County executives are working on strategies to deploy the funds toward their intended purpose. “Counties are on the frontlines of the opioid epidemic,” said Nicole Weissman, director, strategic communications, National Association of Counties. “We understand the profound difference opioid settlement funds can make and are investing these resources thoughtfully and deliberately to try to maximize their impact.”
Late last year, the Wisconsin Counties Association was taking a long look at securitizing $167 million worth of settlement funds while also trying to stay within legal guidelines of how the money can be allocated.
Strategies for spending the money are outlined in Exhibit E, a 15-page list of guidelines that emerged from the settlement. The states are required to spend 70% of the initial tranche of funds on prospective abatement interventions to help build substance use disorder treatment infrastructure.
The National Conference of State Legislators shows Colorado tapping settlement funds to expand a housing voucher program while establishing standards for recovery residences. Minnesota, North Carolina, Nevada and Texas are all using the money to establish funds targeted at battling addiction through policy, planning and forming advisory groups. Johns Hopkins has issued its own recommended for best practices on spending the money.
Securitization of the projected funding beckons but also comes with risk. The drug maker Mallinckrodt is on the hook for a $1.7 billion dollar settlement while also being advised by its hedge funds backers to declare bankruptcy.
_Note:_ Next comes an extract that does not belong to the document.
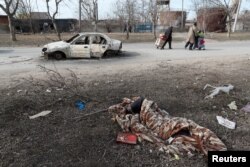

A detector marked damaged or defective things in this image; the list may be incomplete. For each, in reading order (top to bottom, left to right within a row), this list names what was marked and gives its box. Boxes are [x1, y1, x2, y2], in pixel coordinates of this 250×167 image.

damaged white car [41, 32, 122, 59]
“The settlements with drug manufacturers are still subject to legal challenges, so there is no guarantee that the full amount of the settlements will be paid out,” said Matt Posner, principal, Court Street Group.
Evaluating risk factors has attracted some interest from the rating agencies. Moody’s revaluated Teva’s position in July 2022 by balancing projected cash outflows against a final resolution and found no impact on the company’s credit rating. In 2019, Fitch declared zero effects on state and local credit ratings from the approaching settlements.
Posner notes that the money coming from the drug companies pales in comparison to federal funds dedicated to fighting opioid addiction. He thinks tapping third party experts will allow municipalities to get the most bang out of the settlement bucks.
“They need to work with the healthcare industry and academia to get the best support for how to spend the money wisely,” he said. “They should consult with outside professionals that focus on opioid misuse and the policy around opioids to maximize the dollars they receive.”